- From: Glenn Adams <glenn@skynav.com>
- Date: Wed, 28 Mar 2012 11:42:09 -0600
- To: Julian Reschke <julian.reschke@gmx.de>
- Cc: Boris Zbarsky <bzbarsky@mit.edu>, public-webapps@w3.org
- Message-ID: <CACQ=j+ffCzMWSLrv081RGjvrYX2Ua=oQV5D15Mtx9tvxuPS_OQ@mail.gmail.com>
On Wed, Mar 28, 2012 at 4:48 AM, Julian Reschke <julian.reschke@gmx.de>wrote: > On 2012-03-28 09:48, Glenn Adams wrote: > >> I'm not sure what you mean by citing ISO-8859-1 and UTF-8 in the same > > context.

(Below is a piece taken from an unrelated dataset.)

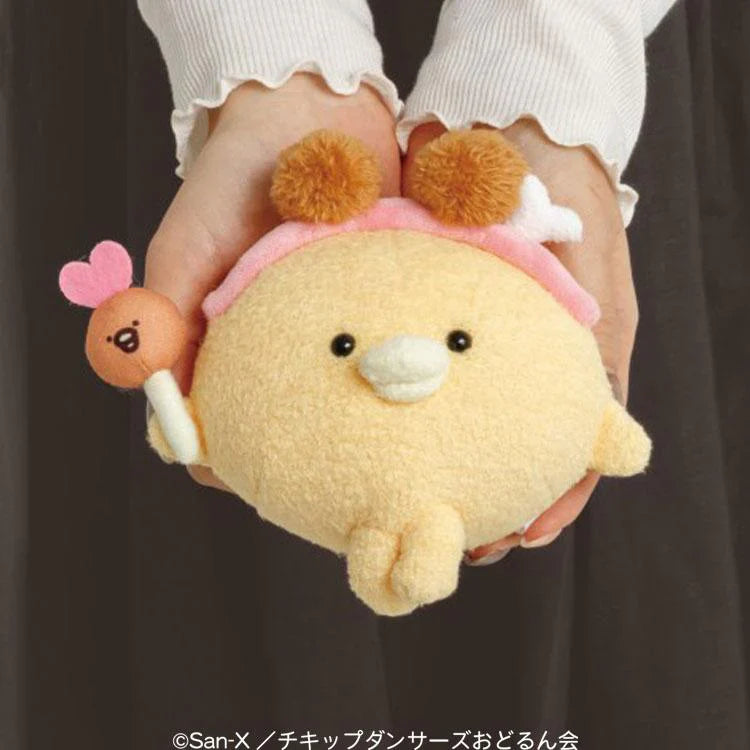SAN-X | Chickip Dancers Fried Chicken Love Bone Plush Toy 140×140×75mm (Karaage Love)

Please elaborate. >> > > If you have UTF-8 on the wire and the client handles it as ISO-8859-1, the > API user can extract the original octets from the string and re-decode from > UTF-8. Of course that requires either heuristics or out-of-band information > that this actually was UTF-8 in the first place. The problem I have with this is now you have DOMString serving as a container for an arbitrary byte string; i.e., no longer having any relation to a UTF-16 code unit sequence. Naive uses of DOMString should be able to assume it denotes UTF-16 encoded strings. Any use of DOMString to serve as a holder for arbitrary binary data (including inflating from UTF-8 bytes into 16-bit code units), should be specifically marked as such. Since the user authored content will need to know it is in fact not UTF-16 data. Let's call these two modes jekyll and hyde. When the inflate algorithm's input coding is not specified or known, then the output is a hyde mode DOMString, which is in fact not a character string, but merely an unsigned short[] array with no other semantics. It is certainly possible to define reasonStatus in this fashion, but if done this way, it should be made abundantly clear in the spec that this usage of DOMString is of they hyde variety, which has the effect of placing the burden of charset sniffing on the user defined code. This is certainly a possible strategy for XHR client implementations to use in order to deal with the mess of actual usage in the web (wherein the 8859 dictum was ignored).
Received on Wednesday, 28 March 2012 17:43:01 UTC